2. Light Colours On White
Want to give your visitors a headache? Then put pastels on white or off-white on white. There is nothing more irksome than trying to decrypt nearly invisible text on a blaring white screen. Remember, you have to balance darks and lights to create an environment that is easily readable and comfortable for the eyes. The best way to ensure you’re putting a dark enough font on your white (or light) background is to think about complimentary colours on the colour wheel.
The same goes for bright on bright and dark on dark. Any similar colour combination will create a clashing effect that is hard on the eyes. For example, fuchsia on magenta. Makes you frown just thinking about it, right? Even if you don’t think this slip up will happen to you, those who tend to use monochromatic schemes make mistakes by putting greys and greys and so on. Be careful and, when in doubt, use contrasting colours.
3. Neon Colours In The User Interface
Something about neon is mentally jarring and perplexing. The eyes tend to like glimpses of bright colour, and therefore you should only utilise neons when trying to make an attention-grabbing statement or artwork. On the user interface, though, neons tend to overwhelm, especially with used in bigger sections of the web design.
If you really need to use neon tones or have them as part of the logo or within the colour scheme of your company, you can remove some of the brightness by toning down the colour by a few shades. Further, you can use neon for smaller elements where the reader would need to see the text easily.
4. Avoid Christmas Colours
Even with the spirit of the holidays tying these two colours together, when it comes to web design, they are worse than siblings fighting over a toy and need a mediator. There’s a couple of reasons for this:
- Users who have deuteranopia, or colour blindness, will have difficulty telling the difference between red and green.
- Red and green are on opposite sides of the colour wheel and, therefore, naturally clash.
- Strong psychological associations with red and green will make it difficult for people not to anticipate Christmas or traffic signals or Stop/Go connotations.
5. Rainbow Themes
Anything that breaks away from colour theory and colour psychology is going to be dangerous down the road. Even if you’re a rainbow-themed store, you need to be extremely precise in where the rainbow elements are placed. If you want to produce a beautiful web design, remember that you shouldn’t go over 4 colours on a page and use colour blocking.
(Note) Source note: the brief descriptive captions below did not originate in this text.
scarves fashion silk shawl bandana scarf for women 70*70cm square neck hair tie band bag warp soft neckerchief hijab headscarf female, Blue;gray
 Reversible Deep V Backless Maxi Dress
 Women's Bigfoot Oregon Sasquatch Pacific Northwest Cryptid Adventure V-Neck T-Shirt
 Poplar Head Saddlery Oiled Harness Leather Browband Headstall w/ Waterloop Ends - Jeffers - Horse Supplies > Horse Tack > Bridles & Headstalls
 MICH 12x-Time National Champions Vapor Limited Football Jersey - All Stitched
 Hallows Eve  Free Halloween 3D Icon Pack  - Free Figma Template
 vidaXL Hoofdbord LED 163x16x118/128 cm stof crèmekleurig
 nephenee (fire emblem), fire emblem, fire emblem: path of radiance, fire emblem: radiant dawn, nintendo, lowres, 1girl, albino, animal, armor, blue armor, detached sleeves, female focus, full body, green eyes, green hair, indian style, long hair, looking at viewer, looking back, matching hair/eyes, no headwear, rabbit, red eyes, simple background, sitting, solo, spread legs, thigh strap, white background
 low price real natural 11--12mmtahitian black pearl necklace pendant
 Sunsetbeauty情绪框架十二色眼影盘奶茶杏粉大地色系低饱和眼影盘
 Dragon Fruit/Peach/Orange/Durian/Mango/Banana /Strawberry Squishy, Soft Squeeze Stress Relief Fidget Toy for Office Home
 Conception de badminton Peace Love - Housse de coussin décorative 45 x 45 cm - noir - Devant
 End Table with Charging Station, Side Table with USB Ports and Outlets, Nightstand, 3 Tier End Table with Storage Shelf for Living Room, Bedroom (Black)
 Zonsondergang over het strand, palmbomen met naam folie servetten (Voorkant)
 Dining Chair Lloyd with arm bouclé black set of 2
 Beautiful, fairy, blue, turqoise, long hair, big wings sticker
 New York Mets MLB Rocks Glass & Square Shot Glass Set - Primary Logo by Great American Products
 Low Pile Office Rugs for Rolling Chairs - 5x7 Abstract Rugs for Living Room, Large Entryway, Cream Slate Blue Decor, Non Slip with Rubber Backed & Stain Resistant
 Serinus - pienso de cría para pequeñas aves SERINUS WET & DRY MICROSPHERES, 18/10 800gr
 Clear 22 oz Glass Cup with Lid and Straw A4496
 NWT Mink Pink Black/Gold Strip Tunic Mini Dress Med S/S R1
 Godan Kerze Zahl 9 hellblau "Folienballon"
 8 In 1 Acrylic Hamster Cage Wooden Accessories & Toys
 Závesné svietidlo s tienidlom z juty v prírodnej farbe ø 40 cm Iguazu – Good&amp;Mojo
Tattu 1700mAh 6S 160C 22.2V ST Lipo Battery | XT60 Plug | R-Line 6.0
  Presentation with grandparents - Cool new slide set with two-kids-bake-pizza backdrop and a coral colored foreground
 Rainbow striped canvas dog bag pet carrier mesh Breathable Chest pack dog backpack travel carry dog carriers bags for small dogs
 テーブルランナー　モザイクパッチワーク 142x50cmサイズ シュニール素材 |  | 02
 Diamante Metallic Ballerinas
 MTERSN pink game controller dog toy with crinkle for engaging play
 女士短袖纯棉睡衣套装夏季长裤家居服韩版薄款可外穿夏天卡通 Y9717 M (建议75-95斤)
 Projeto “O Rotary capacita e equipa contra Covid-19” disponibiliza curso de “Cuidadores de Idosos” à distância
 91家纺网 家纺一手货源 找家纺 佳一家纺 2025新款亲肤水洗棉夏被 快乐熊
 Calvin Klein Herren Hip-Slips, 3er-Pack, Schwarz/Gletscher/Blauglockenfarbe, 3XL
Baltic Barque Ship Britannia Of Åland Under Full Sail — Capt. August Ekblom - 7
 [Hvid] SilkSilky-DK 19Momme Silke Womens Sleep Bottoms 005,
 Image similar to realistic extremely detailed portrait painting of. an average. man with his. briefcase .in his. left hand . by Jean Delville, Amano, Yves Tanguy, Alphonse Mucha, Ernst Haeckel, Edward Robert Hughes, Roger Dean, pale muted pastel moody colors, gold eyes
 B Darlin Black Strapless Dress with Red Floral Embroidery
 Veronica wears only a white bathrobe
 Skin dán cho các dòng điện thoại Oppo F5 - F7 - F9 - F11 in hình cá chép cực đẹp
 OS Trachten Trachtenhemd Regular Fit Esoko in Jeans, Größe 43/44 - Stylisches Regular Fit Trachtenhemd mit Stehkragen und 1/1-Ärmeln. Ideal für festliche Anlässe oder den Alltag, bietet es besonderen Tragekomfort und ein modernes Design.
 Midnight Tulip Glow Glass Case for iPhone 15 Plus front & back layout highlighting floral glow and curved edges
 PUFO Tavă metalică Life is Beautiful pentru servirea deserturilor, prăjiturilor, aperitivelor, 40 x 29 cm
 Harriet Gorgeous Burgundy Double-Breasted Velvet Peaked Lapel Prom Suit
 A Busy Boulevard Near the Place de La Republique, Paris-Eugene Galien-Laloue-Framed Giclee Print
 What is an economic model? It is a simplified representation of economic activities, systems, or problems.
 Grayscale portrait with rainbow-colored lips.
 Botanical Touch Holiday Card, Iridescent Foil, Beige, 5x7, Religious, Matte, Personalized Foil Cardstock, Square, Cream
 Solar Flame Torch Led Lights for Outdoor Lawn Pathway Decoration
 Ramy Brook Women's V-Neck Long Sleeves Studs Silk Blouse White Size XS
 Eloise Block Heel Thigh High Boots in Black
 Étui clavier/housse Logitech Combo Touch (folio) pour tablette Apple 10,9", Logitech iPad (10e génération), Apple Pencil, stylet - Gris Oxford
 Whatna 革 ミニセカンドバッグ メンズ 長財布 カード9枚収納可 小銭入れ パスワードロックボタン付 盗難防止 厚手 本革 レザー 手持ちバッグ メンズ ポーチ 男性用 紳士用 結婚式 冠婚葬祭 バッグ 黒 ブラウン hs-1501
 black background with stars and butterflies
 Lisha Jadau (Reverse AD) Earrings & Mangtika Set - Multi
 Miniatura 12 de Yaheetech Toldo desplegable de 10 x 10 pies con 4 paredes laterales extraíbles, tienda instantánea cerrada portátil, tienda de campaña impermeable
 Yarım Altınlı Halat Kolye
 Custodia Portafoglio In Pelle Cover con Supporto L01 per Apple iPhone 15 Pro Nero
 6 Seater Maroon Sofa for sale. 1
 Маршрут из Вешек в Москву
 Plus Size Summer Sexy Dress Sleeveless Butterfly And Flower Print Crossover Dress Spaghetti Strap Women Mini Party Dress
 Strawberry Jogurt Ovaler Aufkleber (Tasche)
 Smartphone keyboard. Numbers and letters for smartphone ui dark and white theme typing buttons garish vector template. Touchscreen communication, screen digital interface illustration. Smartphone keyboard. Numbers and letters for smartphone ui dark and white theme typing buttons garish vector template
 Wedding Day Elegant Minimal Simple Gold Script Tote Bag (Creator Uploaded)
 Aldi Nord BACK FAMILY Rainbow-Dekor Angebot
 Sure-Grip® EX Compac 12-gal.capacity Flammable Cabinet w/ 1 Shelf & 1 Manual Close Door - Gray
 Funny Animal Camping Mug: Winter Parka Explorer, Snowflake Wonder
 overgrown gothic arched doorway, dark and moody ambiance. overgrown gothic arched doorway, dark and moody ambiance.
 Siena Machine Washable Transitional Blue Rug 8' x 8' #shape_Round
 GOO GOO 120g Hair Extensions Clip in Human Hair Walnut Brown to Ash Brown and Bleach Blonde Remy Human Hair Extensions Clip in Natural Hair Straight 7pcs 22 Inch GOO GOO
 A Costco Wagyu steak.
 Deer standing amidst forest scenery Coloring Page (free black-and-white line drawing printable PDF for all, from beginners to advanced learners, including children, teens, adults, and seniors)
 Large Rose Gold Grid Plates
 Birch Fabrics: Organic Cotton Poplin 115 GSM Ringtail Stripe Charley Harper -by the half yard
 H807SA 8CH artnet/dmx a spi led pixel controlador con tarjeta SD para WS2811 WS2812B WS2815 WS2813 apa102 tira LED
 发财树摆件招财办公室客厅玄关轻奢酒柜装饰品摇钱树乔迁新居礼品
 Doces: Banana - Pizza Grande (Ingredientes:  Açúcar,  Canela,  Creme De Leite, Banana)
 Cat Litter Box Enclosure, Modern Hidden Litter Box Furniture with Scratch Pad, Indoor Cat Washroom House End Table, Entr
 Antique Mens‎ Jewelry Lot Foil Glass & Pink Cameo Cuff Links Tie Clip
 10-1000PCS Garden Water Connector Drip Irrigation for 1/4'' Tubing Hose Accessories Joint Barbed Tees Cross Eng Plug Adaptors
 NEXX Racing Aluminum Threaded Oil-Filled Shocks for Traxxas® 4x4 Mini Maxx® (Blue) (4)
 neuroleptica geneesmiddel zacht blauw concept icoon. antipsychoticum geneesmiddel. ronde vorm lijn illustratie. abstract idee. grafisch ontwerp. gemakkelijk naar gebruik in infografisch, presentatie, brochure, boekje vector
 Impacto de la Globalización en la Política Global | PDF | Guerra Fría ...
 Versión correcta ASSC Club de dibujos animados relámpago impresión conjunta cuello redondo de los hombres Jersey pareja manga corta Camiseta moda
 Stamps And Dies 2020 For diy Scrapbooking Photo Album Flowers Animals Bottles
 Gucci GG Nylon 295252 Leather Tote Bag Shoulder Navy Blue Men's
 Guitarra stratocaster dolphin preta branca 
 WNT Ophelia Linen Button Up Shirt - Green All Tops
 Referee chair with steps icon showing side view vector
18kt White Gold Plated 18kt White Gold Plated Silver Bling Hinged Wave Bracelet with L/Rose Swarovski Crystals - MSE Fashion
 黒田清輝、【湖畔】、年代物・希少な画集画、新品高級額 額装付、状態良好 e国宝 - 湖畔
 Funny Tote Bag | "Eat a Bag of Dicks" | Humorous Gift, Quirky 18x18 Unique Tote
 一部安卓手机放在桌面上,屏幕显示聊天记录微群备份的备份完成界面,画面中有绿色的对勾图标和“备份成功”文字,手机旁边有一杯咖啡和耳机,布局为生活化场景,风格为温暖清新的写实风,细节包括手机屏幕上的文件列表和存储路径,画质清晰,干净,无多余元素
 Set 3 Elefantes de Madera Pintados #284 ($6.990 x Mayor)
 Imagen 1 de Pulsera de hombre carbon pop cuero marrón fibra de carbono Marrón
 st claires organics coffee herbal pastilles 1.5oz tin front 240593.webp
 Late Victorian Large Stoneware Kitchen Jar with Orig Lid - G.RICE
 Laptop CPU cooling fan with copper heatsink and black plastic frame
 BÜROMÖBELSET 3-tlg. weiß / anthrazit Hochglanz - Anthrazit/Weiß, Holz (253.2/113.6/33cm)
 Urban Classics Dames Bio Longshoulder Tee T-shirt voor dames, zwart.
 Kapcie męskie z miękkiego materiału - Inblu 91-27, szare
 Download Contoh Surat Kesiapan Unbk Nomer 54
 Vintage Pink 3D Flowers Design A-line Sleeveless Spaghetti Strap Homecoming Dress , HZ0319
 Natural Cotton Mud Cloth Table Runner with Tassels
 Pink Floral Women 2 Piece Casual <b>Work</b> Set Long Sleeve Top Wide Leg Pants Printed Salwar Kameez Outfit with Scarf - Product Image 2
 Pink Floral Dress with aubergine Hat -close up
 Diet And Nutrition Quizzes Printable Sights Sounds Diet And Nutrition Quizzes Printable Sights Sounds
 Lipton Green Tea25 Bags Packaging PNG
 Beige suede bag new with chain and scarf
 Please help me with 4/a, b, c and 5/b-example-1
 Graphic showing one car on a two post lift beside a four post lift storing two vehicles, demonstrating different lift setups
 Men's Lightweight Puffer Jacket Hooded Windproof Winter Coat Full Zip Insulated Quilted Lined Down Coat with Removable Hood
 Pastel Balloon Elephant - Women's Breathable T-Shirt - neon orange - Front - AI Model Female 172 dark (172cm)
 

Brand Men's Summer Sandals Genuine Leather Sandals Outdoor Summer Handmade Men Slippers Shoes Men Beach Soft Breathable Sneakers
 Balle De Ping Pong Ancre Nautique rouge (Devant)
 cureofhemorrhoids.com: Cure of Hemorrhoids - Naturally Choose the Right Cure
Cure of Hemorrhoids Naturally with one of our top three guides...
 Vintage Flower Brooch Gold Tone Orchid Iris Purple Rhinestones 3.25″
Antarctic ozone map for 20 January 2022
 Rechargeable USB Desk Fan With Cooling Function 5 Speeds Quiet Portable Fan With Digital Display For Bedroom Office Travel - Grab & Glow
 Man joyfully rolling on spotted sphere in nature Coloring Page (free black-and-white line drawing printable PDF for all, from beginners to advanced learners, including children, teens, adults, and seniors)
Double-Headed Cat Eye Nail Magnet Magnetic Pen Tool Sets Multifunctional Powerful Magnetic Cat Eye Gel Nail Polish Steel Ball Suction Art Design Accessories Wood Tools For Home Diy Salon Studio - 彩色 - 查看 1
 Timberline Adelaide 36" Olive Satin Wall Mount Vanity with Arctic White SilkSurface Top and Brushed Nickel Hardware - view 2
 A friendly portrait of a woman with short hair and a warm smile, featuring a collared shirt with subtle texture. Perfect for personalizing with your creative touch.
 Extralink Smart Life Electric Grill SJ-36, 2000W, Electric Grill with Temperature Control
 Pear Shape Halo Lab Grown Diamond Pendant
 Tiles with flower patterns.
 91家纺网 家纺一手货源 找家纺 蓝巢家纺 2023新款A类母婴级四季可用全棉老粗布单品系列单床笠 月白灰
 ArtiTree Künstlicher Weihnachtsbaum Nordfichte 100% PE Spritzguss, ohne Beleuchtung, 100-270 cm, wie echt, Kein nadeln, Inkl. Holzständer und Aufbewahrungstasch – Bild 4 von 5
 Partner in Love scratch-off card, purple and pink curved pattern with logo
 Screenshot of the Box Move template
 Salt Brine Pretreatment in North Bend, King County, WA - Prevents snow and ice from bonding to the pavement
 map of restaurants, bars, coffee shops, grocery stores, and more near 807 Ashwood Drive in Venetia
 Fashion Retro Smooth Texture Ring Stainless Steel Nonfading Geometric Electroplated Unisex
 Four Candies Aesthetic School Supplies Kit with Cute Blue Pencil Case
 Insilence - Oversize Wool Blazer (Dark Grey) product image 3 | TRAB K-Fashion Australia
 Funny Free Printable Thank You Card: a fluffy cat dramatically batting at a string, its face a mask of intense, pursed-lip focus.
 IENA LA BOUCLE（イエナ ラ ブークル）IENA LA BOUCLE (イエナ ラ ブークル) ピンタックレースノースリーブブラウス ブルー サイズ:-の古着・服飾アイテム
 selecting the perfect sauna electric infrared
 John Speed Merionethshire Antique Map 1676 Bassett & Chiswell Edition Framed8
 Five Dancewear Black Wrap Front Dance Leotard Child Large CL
While you can go from red to purple to blue, throwing yellow and green in there will cause colour vibration and unsettling lack of balance.
6. Yellow and Blue
The worst offence that is still made today is the combination of pale yellow and bright blue. Bright blue as a background is difficult, first, because it leaves you with little to work with. Bright blue also tends to create vibrations with other colours, like yellow, making it an unpleasant sight. The same applies to yellow—except yellow as a background is infinitely worse. Yellow is like throwing your whole brand into a pile of rubbish. Just don’t do it.
Instead, you can pair bright blues and yellows with more earthy tones. Yellows pair well with dark reds and oranges for a retro look, while lighter blues can make for a breathy page.
Like green and red, never mix the two together.
7. Ignoring Web Safe Colours
Everything that has been hinted to so far is that there is a level of acceptability in UI design that you shouldn’t ignore. “Web safe colours” is a term many graphic designers and website designers know. Some people think the practise is outdated, but that couldn’t be farther from the truth. Web safe colours help everyone see colour the same way and get your intended message across more effectively.
Web safe colours are “colours that are deeply encoded into the browsers and display uniform, consistent, and in a non-dithered manner on any computer monitor that supports 8-bit colour and above,” as defined by BrightHub.
In other words, some computers display colours differently than others. An Apple might show more oranges while a Dell shows more reds. This means that you should consider 2-4 of the 216 web safe colours that don’t get distorted when constructing a website.
Even if the idea of using “simple” colours offends you, remember that you’re not trying to win an art award. You’re trying to make a clean user experience for the visitors.
There you have it—7 colour mistakes to avoid when designing a website. Keep these in mind so you don’t commit a design sin or offend your visitors. By applying rules of colour psychology and using colours that are mainstays, you can create a clean website that is both beautiful and functional.